• To do:
Transcribe each record precisely; images stay out.

• The input:
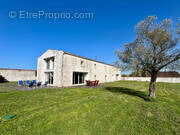 Maison à SAINT-MICHEL-EN-L&#039;HERM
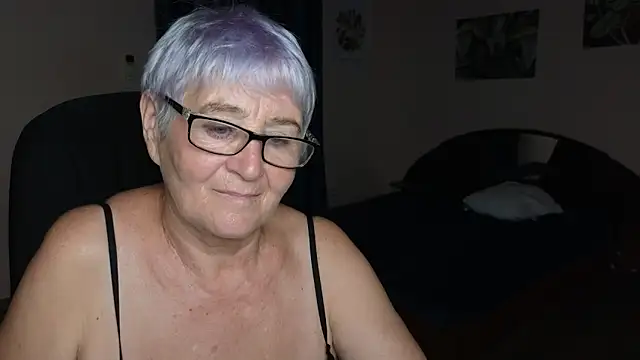 Sandra Snowflake online show from 22, 9, 2025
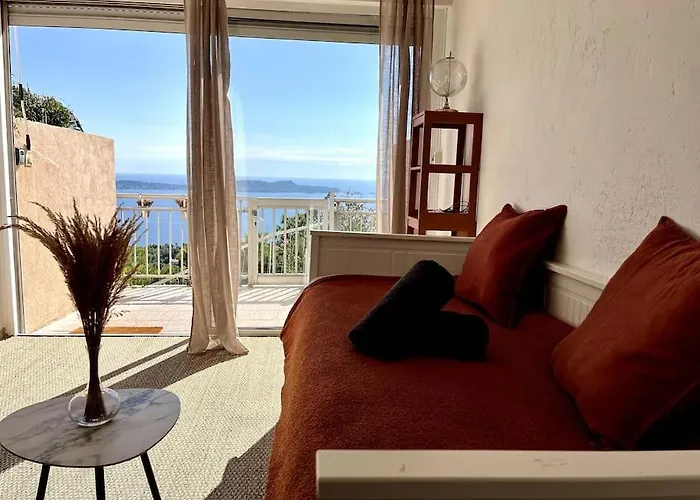 Avec Terrasse Privee Et Vue Exceptionnelle Hyères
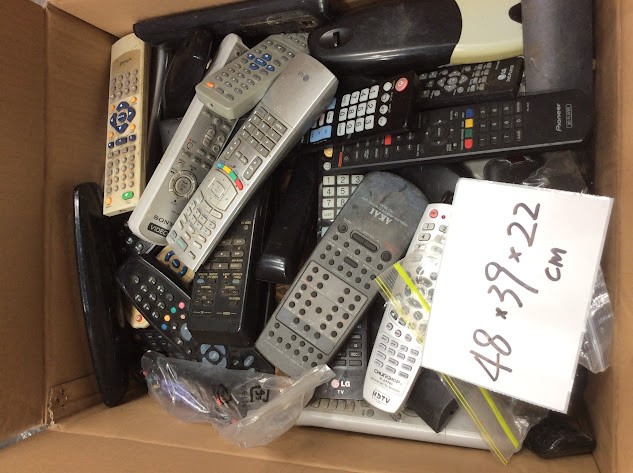 Mix Brand and Model Remote Controls with box dimensions are 48x39x22 cm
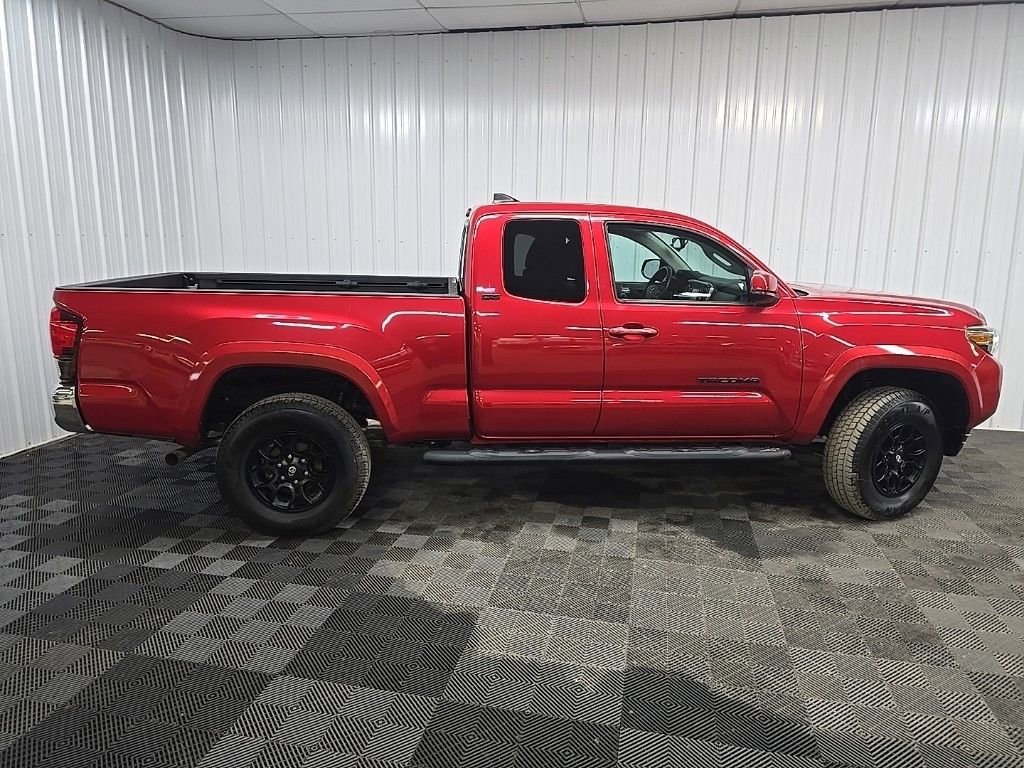 Used 2019 Toyota Tacoma SR5 AWD/4WD image 2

• Your solution:
 Maison à SAINT-MICHEL-EN-L&#039;HERM
 Sandra Snowflake online show from 22, 9, 2025
 Avec Terrasse Privee Et Vue Exceptionnelle Hyères
 Mix Brand and Model Remote Controls with box dimensions are 48x39x22 cm
 Used 2019 Toyota Tacoma SR5 AWD/4WD image 2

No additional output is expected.